Angesichts der sich häufenden rechten Gewalttaten ist es besonders zynisch, wenn Antifaschist_innen, die sich gegen derartige Entwicklungen stellen, mittels der Extremismustheorie diffamiert werden. Nicht nur der Verfassungsschutz arbeitet mit der kruden These, dass “Linksextreme” und “Rechtsextreme” einander ähneln würden, weil sie ja beide die demokratische Ordnung ablehnen. Der Unsinn scheint in dieser Gegend Konsens zu sein. Strache bezeichnete in Salzburg Gegendemonstrant_innen als “linke Nazis”. Sogar eine Politikwissenschafterin, die bei einer ORF-Fernsehdiskussion die “linke” Seite der Couchlandschaft besetzen sollte, bestand auf der Extremismustheorie. Was dabei unerklärlicherweise übersehen wird, ist, dass die radikale Linke die demokratische Ordnung ablehnt, weil sie zu brutal ist; den extrem Rechten hingegen ist sie zu wenig brutal. Ein Blick in den Verfassungsschutzbericht zeigt, was der Verfassungschutz als Verfasser eigentlich wissen müsste: “links motivierte Straftaten” haben eine andere Qualität als rechte. Sachbeschädigung kann und darf nicht mit rechter Gewalt und Mord gleichgesetzt werden.

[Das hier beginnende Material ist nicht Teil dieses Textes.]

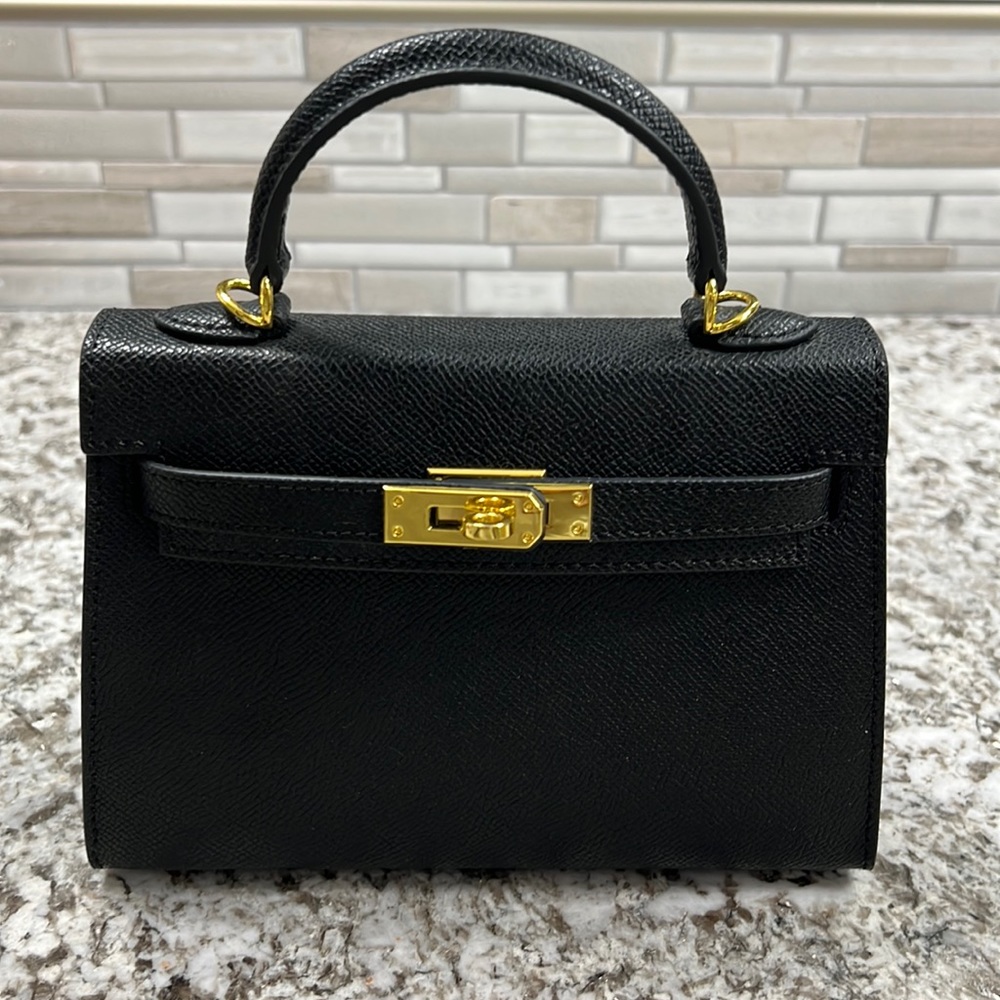 Unbranded mini handbag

Die FPÖ nimmt eine Brückenfunktion zwischen sich als elitär verstehenden Nazis, zum Beispiel aus den Burschenschaften, Prügelnazis und den ganz normalen Alltagsrassist_innen in der österreichischen Bevölkerung ein. Das unterscheidet sie von der vergleichsweise kleinen und isolierten NPD in Deutschland. Und das macht sie so gefährlich.
Es muss also gehandelt werden. Antifaschistische Interventionen in den gesellschaftlichen Normalbetrieb – mit allen Mitteln und auf allen Ebenen – sind bitter notwendig, und wir dürfen nicht damit warten.
Eine Möglichkeit, aktiv zu werden, bietet sich am 21. Jänner in Salzburg: vermiesen wir gemeinsam das Neujahrstreffen der FPÖ.
Auf ein beschissenes neues Jahr für die FPÖ und alle anderen Feind_innen der freien Gesellschaft!
Kollektives Handeln ist Selbstermächtigung!